There's only so much that medical science can tell us. Today we met for the first time with the pediatric neurosurgeon, Dr A, who read the MRI. He was the most hopeful-sounding of the doctors yet. He said this doesn't look like a typical case of spina bifida at all to him, not the kind with brain damage and all the other horrific possibilities we were first confronted with last week. He thinks instead this may be a case of a tethered spinal cord, which basically means that during formation some part of the spinal cord didn't fully detach from the surrounding skin. This condition can cause problems as the child grows, but it can be corrected surgically after birth. There's a range of potentialities: in the best case, the child could wind up with no lasting aftereffects at all; in the not-so-best-case, the child could wind up with some degree of paralysis and/or loss of bowel/bladder control. The doctor said they won't know more until our baby is actually born, but he thinks the main worries are the physical problems -- he feels that her chances of having brain damage are very slim.
And so, we wait and hope. I totally broke down in the doctor's office today, not out of sadness but because he'd confirmed the hopes I'd been holding onto these past few days. Poor guy; I don't think he could quite understand why I was crying like a baby but telling him I wasn't sad, I was happy.
I was also pretty stunned to hear him say, as we were discussing going forward with the pregnancy, that some couples wanted him to guarantee that their child would be 100% fine and healthy, and if he couldn't do that (which of course he can't in any case), they would terminate the pregnancy. DH had actually suggested that maybe the reason our first doctor had been so callous and matter-of-fact about wanting to do that with us without even getting a second opinion was because most of his patients opted to do that as soon as they heard there was a problem. I thought DH was just being cynical, but after hearing Dr A today, maybe he was right after all. I'm certainly the last person to judge someone else -- I know how agonized I was when I thought our baby would be so profoundly damaged that she would have no quality of life at all -- but it just seems sad that people would need a guarantee of a perfect baby in order to want one at all. I mean, nothing in life is guaranteed, right? Everything can look perfect but not be, just like everything can look hopeless at first glance but not be.

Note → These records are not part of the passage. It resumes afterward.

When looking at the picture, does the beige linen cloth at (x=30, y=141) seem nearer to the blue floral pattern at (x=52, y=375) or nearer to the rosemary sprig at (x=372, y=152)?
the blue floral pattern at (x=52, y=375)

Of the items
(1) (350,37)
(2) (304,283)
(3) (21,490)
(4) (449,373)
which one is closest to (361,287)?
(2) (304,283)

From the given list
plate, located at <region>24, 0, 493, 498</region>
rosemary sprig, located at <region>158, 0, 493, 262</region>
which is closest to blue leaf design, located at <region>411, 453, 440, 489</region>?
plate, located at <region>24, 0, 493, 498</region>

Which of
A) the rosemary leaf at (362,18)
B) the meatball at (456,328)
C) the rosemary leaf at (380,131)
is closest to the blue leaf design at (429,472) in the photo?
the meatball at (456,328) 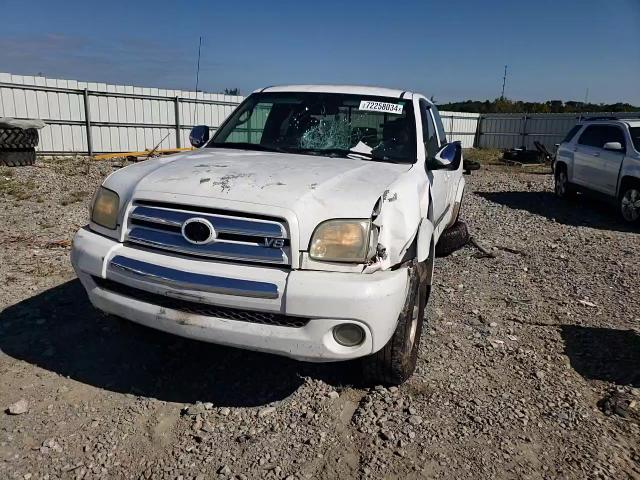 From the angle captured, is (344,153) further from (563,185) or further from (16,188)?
(563,185)

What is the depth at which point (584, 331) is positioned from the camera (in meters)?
3.94

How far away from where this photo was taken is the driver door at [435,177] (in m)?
3.71

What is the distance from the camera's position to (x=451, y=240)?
578 centimetres

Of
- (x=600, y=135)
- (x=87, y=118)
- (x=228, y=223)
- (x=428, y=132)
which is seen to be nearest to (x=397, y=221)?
(x=228, y=223)

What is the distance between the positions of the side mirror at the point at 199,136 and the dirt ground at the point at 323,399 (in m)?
1.56

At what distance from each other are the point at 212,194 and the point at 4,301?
8.11 feet

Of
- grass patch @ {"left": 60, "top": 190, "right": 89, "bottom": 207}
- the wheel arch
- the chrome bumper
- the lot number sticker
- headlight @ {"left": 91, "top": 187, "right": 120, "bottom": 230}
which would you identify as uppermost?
the lot number sticker

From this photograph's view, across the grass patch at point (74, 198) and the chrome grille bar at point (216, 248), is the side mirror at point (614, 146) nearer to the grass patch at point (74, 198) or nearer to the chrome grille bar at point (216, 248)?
the chrome grille bar at point (216, 248)

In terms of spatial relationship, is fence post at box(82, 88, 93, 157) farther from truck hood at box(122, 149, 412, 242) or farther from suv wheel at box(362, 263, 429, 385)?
suv wheel at box(362, 263, 429, 385)

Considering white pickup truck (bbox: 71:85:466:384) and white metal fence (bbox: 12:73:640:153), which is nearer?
white pickup truck (bbox: 71:85:466:384)

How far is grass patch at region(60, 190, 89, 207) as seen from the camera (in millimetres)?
7969

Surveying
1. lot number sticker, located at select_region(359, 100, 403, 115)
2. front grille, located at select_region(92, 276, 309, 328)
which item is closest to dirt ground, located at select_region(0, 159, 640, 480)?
front grille, located at select_region(92, 276, 309, 328)

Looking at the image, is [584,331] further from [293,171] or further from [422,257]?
[293,171]

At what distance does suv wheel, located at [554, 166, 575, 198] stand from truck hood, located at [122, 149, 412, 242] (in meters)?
8.66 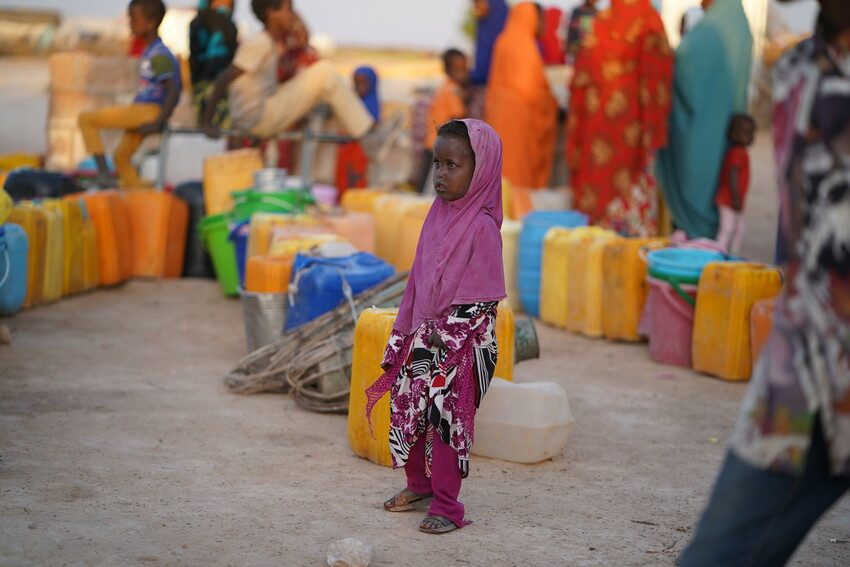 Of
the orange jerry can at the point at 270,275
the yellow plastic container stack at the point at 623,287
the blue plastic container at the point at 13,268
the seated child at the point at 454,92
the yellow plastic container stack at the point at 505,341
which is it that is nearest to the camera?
the yellow plastic container stack at the point at 505,341

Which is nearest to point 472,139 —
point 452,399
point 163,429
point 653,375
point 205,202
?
point 452,399

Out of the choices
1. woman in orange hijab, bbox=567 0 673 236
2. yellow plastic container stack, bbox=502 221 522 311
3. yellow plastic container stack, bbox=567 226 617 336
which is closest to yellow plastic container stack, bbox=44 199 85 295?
yellow plastic container stack, bbox=502 221 522 311

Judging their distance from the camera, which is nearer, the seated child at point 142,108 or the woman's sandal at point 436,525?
the woman's sandal at point 436,525

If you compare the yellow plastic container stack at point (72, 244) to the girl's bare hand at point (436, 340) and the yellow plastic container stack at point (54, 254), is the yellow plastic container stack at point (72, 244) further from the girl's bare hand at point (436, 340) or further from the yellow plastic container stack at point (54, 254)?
the girl's bare hand at point (436, 340)

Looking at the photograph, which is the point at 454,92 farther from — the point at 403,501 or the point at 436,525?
the point at 436,525

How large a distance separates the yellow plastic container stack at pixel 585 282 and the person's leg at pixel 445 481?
356 cm

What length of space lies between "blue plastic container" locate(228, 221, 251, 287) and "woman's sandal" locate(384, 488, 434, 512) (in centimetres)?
392

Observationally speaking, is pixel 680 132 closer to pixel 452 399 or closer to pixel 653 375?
pixel 653 375

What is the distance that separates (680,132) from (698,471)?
16.7 ft

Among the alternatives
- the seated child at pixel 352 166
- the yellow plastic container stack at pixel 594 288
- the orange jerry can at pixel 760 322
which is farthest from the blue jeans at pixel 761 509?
the seated child at pixel 352 166

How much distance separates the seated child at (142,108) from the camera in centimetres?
926

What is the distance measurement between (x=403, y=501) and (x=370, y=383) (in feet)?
2.15

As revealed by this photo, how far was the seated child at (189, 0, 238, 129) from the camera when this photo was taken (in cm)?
1012

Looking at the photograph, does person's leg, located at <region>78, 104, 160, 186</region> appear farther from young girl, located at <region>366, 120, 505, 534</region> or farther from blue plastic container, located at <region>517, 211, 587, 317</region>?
young girl, located at <region>366, 120, 505, 534</region> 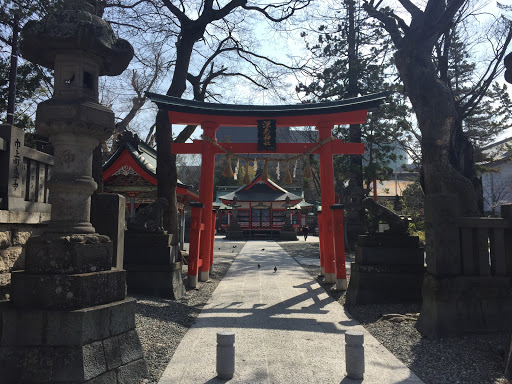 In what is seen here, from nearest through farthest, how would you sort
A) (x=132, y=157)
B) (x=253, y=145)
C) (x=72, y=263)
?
(x=72, y=263) → (x=253, y=145) → (x=132, y=157)

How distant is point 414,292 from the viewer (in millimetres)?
6559

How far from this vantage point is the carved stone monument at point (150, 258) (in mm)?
7074

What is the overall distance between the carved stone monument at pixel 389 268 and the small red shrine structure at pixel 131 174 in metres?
9.65

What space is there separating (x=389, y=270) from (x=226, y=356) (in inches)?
168

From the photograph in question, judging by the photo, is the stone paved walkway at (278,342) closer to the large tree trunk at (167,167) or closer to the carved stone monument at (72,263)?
the carved stone monument at (72,263)

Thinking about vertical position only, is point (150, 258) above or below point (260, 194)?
below

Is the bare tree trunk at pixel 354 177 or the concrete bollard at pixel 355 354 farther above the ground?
the bare tree trunk at pixel 354 177

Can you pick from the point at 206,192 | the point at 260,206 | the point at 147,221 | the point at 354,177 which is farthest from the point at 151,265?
the point at 260,206

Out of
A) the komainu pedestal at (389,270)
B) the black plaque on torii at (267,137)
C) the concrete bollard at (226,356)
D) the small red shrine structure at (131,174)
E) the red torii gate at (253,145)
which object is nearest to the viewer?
the concrete bollard at (226,356)

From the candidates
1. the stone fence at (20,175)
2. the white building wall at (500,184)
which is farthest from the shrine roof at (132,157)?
the white building wall at (500,184)

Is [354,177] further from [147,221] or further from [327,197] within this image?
[147,221]

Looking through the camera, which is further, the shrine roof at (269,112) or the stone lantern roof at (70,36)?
the shrine roof at (269,112)

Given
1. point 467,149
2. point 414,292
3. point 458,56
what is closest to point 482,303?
Answer: point 414,292

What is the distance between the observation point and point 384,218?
280 inches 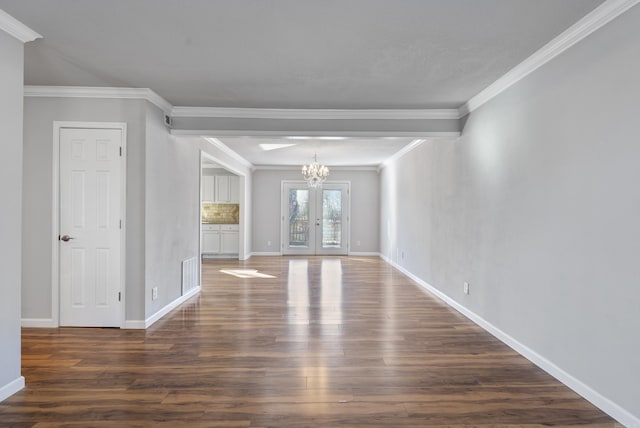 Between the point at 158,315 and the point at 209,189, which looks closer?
the point at 158,315

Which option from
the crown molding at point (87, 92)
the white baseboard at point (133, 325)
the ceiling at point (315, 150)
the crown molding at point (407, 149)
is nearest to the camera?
the crown molding at point (87, 92)

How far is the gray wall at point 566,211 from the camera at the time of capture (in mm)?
2188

In any event, we've made our decision, and as DH says there's no looking back. We'll have our daughter at Columbia-Presbyterian where she can have an MRI within a day or two after she's born to find out the extent of her injury and the best way to treat it. The facilities aren't as nice as the ones near us -- shared rooms instead of private, more patients therefore (I'm sure) less personalized attention from the staff -- but the doctors are so much more knowledgeable and competent in dealing with high-risk pregnancies than our local doctors are that it will be worth it.
Now all we can do is wait and see what the tests show after our little girl is born.
And of course, we can now jump headfirst into all the fun stuff we should have been doing since last week, like picking out a beautiful name for Baby M's little sister.